Depends on what you mean by most representative.  And representative of what?

The hallmark kata of Shotokan are probably Bassai Dai and Kwanku Dai. 

Goju-ryu:  Sanchin for sure.  I'm fond of Kururunfa myself.  Naha-te forms are deceptively difficult however.  They don't necessarily look like much outwardly, but unless you've mastered the internals from years and years of basics, any attempts are learning higher kata like Kururunfa or Suparinpei will be completely fruitless.

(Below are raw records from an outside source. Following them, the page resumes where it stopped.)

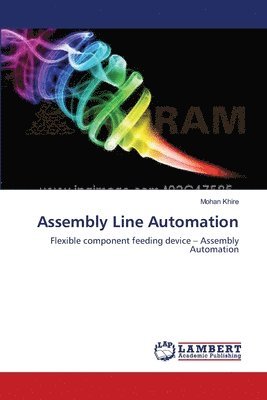 bokomslag Assembly Line Automation
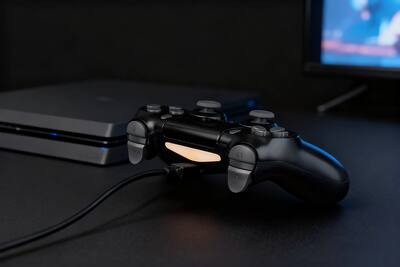 NEXT Extra Long USB Micro 9' Play + Charge Cable For PlayStation 4 NEXT Extra Long USB Micro 9' Play + Charge Cable For PlayStation 4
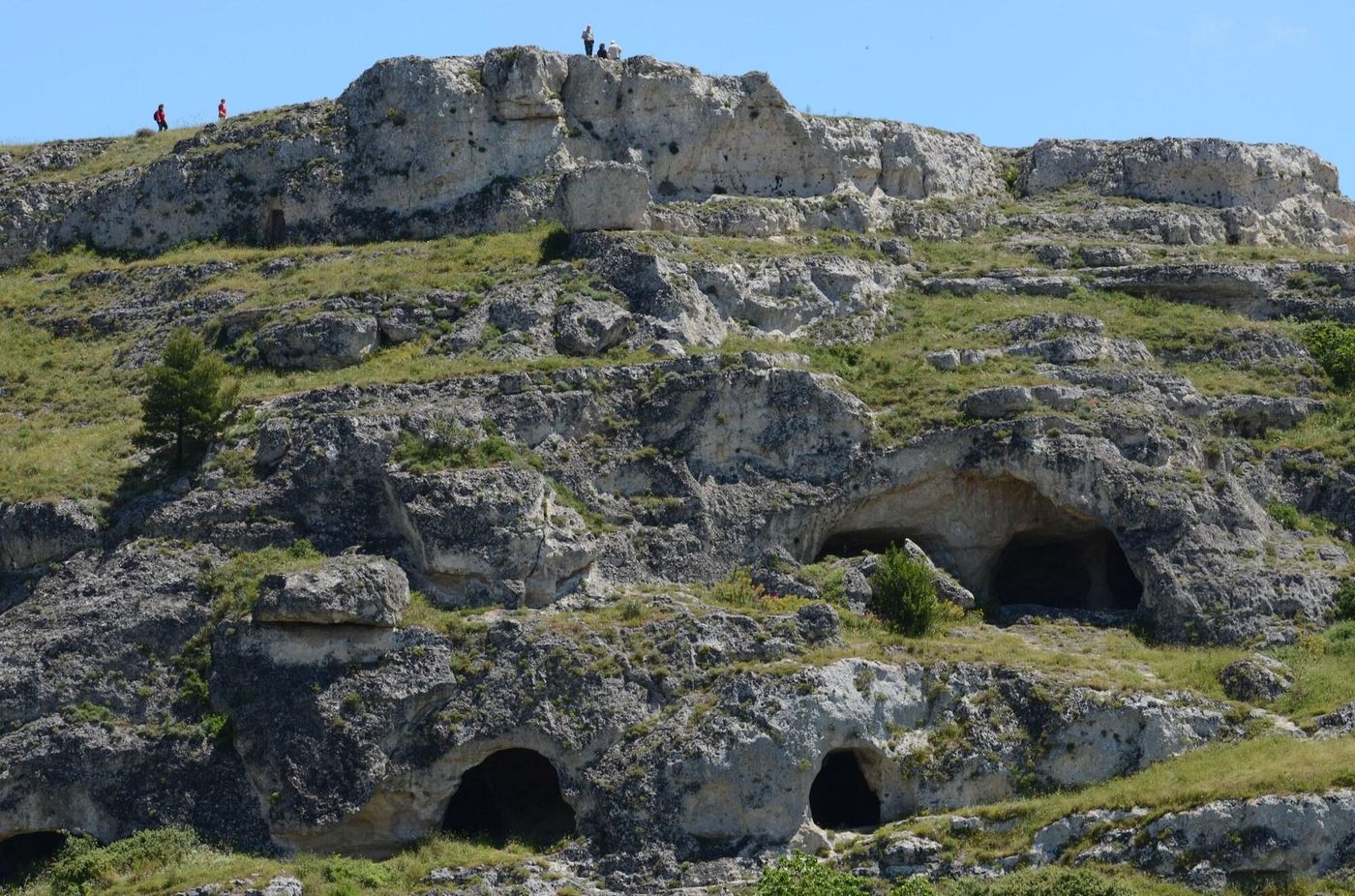 Ai Quarti Sottani-Italy-MATERA-General view-2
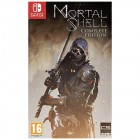 Screenshots de Mortal Shell: Complete Edition sur Switch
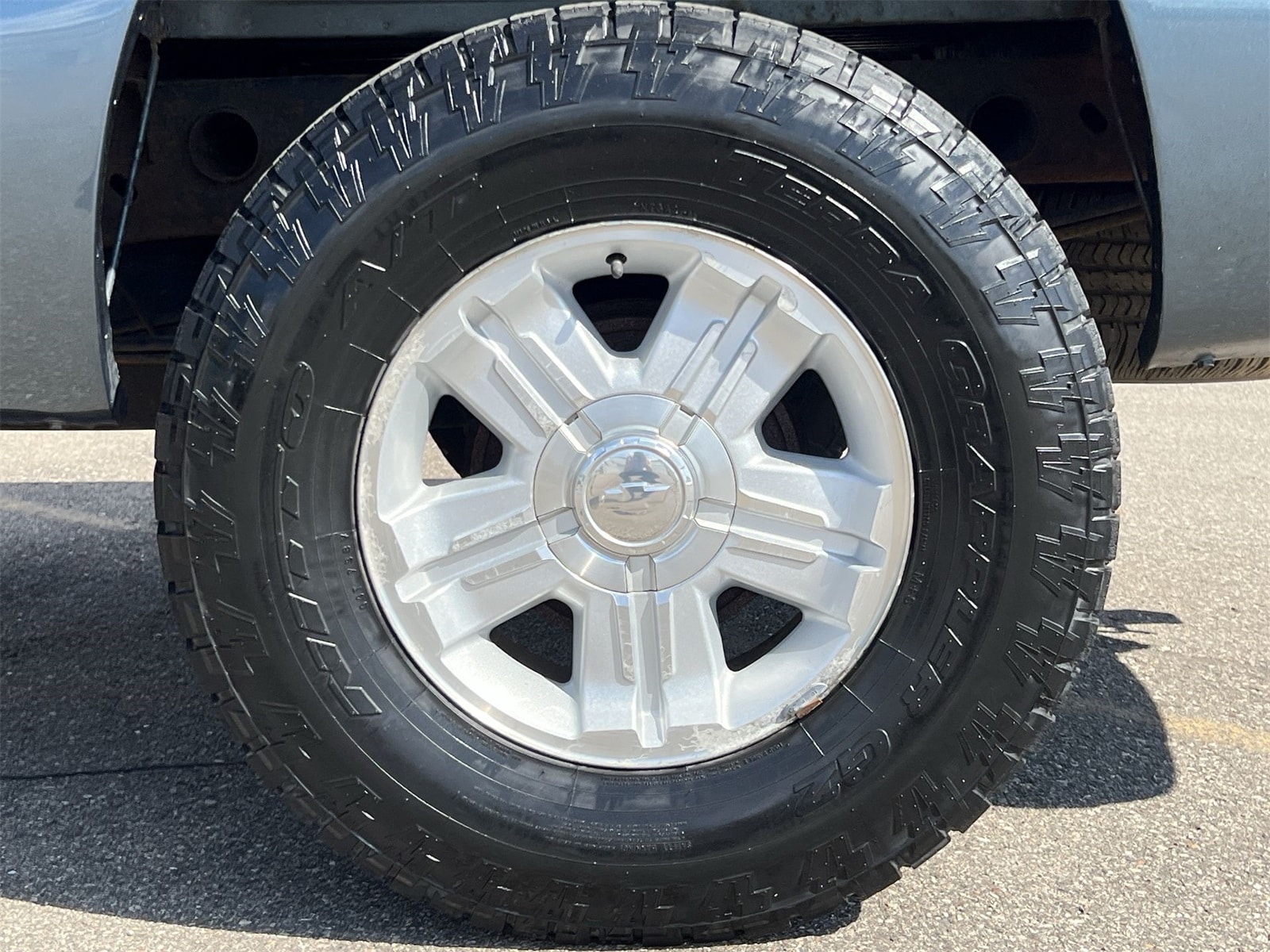Thumbnail: 2007 Chevrolet Silverado 1500 - 13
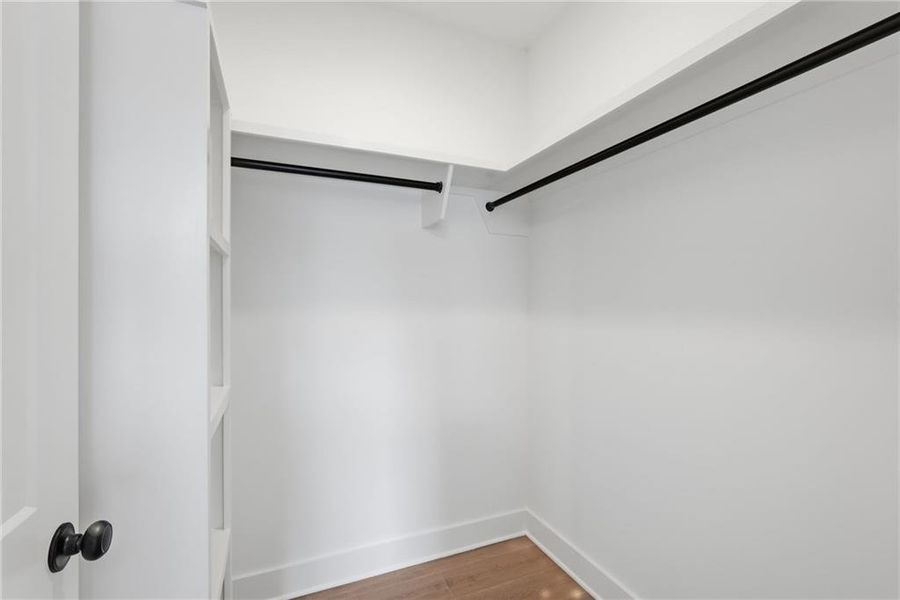 Spacious, unfurnished interior of a new home in , Dawsonville (Image 46).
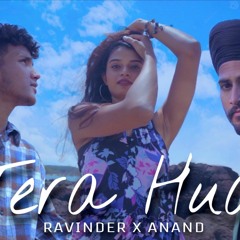 Ravinder X Anand Kollur - Tera Hua | New Rap Song | Rhythm-HooD | 2023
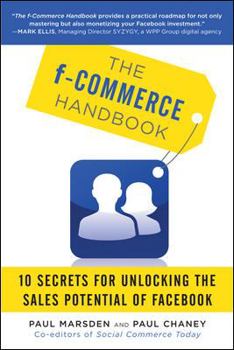 Paperback F-Commerce Handbook Book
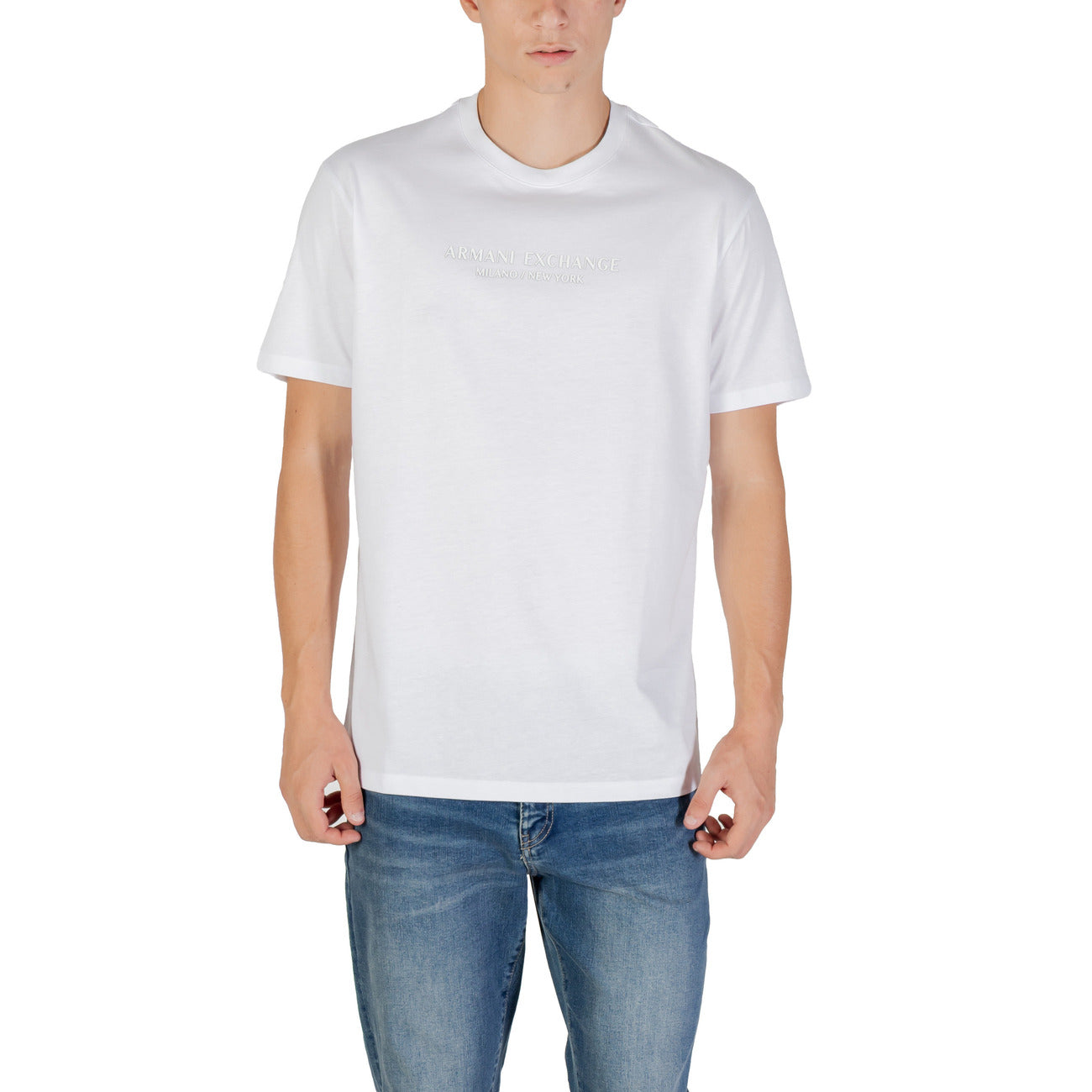 Armani Exchange T-Shirt Uomo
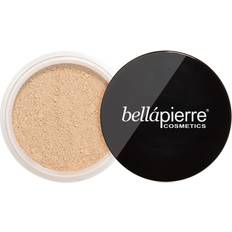 Bellapierre Cosmetics Make-up Complexion Loose Mineral Foundation No. 03 Biscotti 9 g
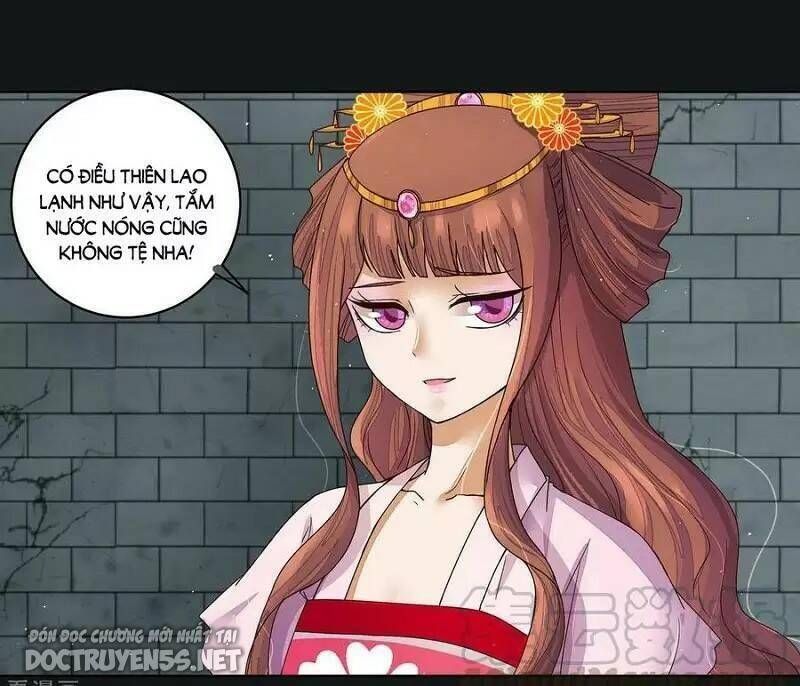 đọc truyện Dục Huyết Thương Hậu Chương 191 ảnh 6 tại Thiên Thai Truyện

I think TKD people will find styles like Shotokan or Shorin-ryu most familiar to what they currently practice.  If you are planning to learn from the Shito-ryu friend you have mentioned before, I'd suggest picking up Itosu Bassai Dai from him.


----------



## seasoned (Apr 5, 2011)

*Sanchin* *Kata*, holds the principles of Breath, Movement, and Structure. Not all styles have this kata, but all styles can benefit from these teachings. At face value it would appear to be very elementary, and the mistake would be to look for techniques of self defense within this kata. Of the 3 areas I mentioned above, there are sub areas to benefit from. Mainly, rooting, grounding, and power transferring. The manifestation of power through the body and out to your opponent is of great important. The above principles need to be recognized in all other kata, to truly grasp the art of Okinawan GoJu.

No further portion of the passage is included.